If novice debaters can’t read a lot of different arguments or types of arguments, then it seems to unnecessarily punish novices who have put in the extra effort to learn more about the topic or advanced argument types like theory or kritiks. We wouldn’t punish a TOC-qualled debater for reading a kritik that their opponent doesn’t understand at a bid tournament, so why should we punish these novices?
First, if a novice really wants to practice their newfound skills or demonstrate their mastery of advanced argumentation, there’s nothing stopping them from entering JV at these tournaments where these practices are allowed. Novice debaters who are truly advanced enough to competently read and defend advanced arguments probably shouldn’t be in the novice division anyways. Maybe they want to win a novice tournament, but that is hardly a reason to deny so many other novices an educational round.
The second problem with this objection is it doesn’t take seriously the differences between varsity and novice. Even though both varsity and novice debaters are focused on winning, there is a difference between what varsity and novice debaters should be learning. These novice debates shouldn’t be focused on rewarding debaters for learning a kritik, but for cementing core debate skills like learning how to engage arguments substantively and directly.

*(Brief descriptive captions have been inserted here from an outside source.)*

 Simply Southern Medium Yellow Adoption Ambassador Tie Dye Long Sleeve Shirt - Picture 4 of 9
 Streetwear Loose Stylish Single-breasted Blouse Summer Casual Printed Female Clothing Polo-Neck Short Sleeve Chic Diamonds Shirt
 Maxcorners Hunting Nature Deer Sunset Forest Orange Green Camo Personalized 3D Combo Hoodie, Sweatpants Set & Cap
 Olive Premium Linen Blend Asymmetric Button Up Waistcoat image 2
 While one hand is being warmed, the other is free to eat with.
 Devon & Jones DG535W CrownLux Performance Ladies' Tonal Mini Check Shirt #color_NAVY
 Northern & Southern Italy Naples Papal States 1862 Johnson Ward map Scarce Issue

Third, this doesn’t encourage novices to not learn more about debate. Should novices need a forum to learn about advanced arguments in round, many other opportunities to encounter a disad or kritik will present itself to those novices when they enter JV or varsity. There’s no reason why novices need to encounter these arguments as novices when they’re still trying to develop core skills. It’s similar to when overzealous varsity debaters try to teach their novices about advanced theory concepts when their novices are still having trouble understanding the difference between offense and defense. Those varsity debaters will defend their actions by claiming “they’ll encounter these arguments soon, better expose them to it now.” However, this practice clearly just hurts these novices in the long run who fail to solidify core debate skills. There’s a reason why you start with learning speech times before you learn about RVIs.

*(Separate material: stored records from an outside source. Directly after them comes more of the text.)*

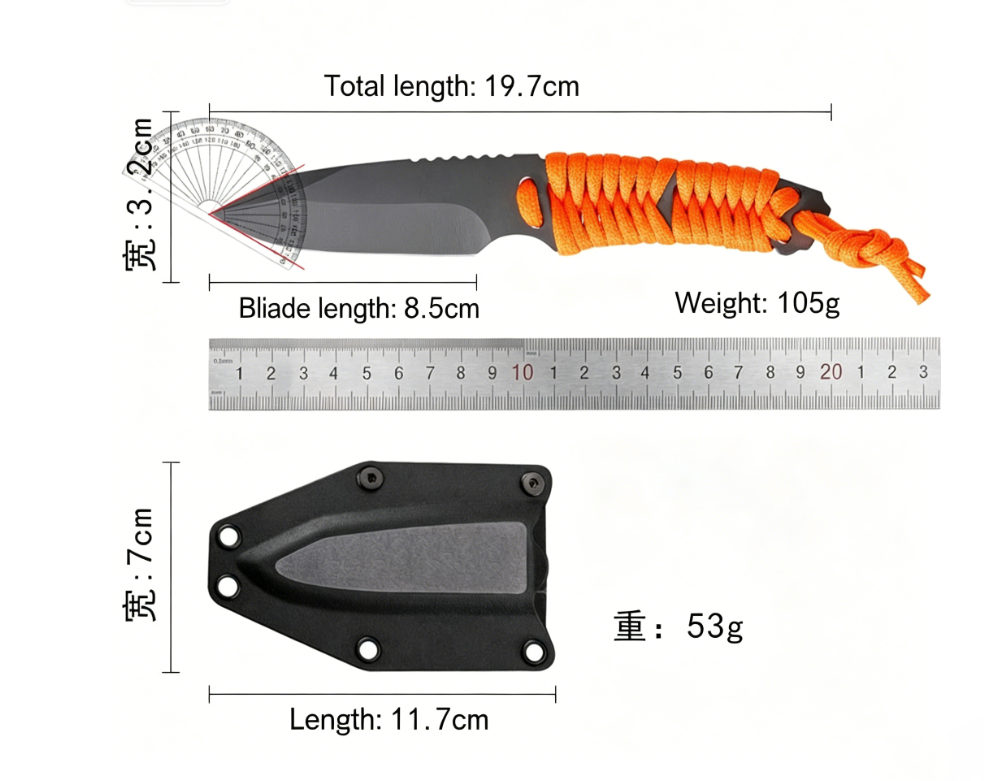 Outdoor Series Rope-Tied Multi-Functional Outdoor Camping Knife
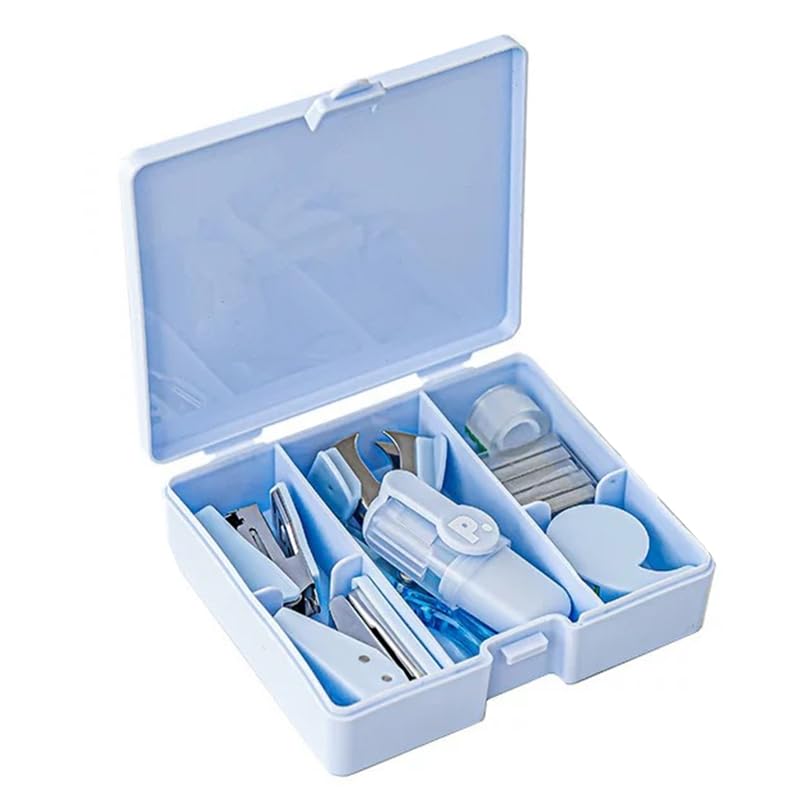 Stationery set girls portable storage case cute 8-piece elementary school students children stylish middle high adults presents gifts entrance punch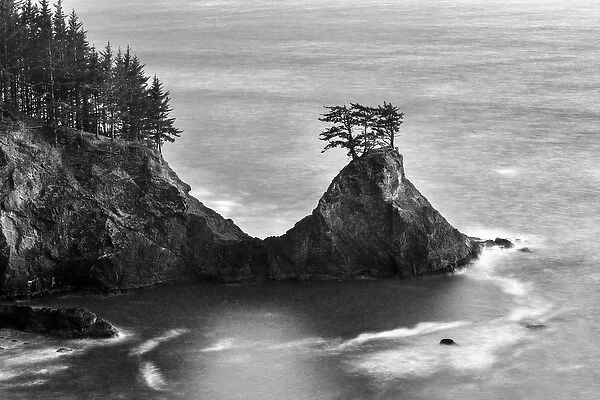 North America, USA, California, . Black and white image of jutting rock formations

Finally, the ultimate impact of the objection is just that judges would not be truly rewarding who did the better debating because you’re failing to reward debaters who have mastered advanced arguments. However, I think that a novice packet actually does a better job of rewarding who did the better debating. If both sides have access to the same arguments and the same evidence, the better debater is the one who can win by demonstrating stronger core debate skills like weighing and warranting. Ultimately, in the novice division especially, this seems like a much stronger test of who does the actual better debating.
A world where novices are just taught to write their own stock cases and coaches encourage novice debaters to focus on fundamental debate skills like clash would likely be preferable. I personally would prefer such a world. However, given the competitive incentives at a debate tournament, it leads debaters and coaches to engage in practices that maximize the short-term potential for winning at the expense of the long-term benefit of long-term education.
Ultimately, I think that novice debate tournaments, especially these larger “novice championships”, could be significantly benefited from the introduction of a novice packet. This isn’t a totally new proposal given its roots in novice policy debate. But I think it’s a proposal that should be taken seriously by novice tournaments to truly help improve novice debate.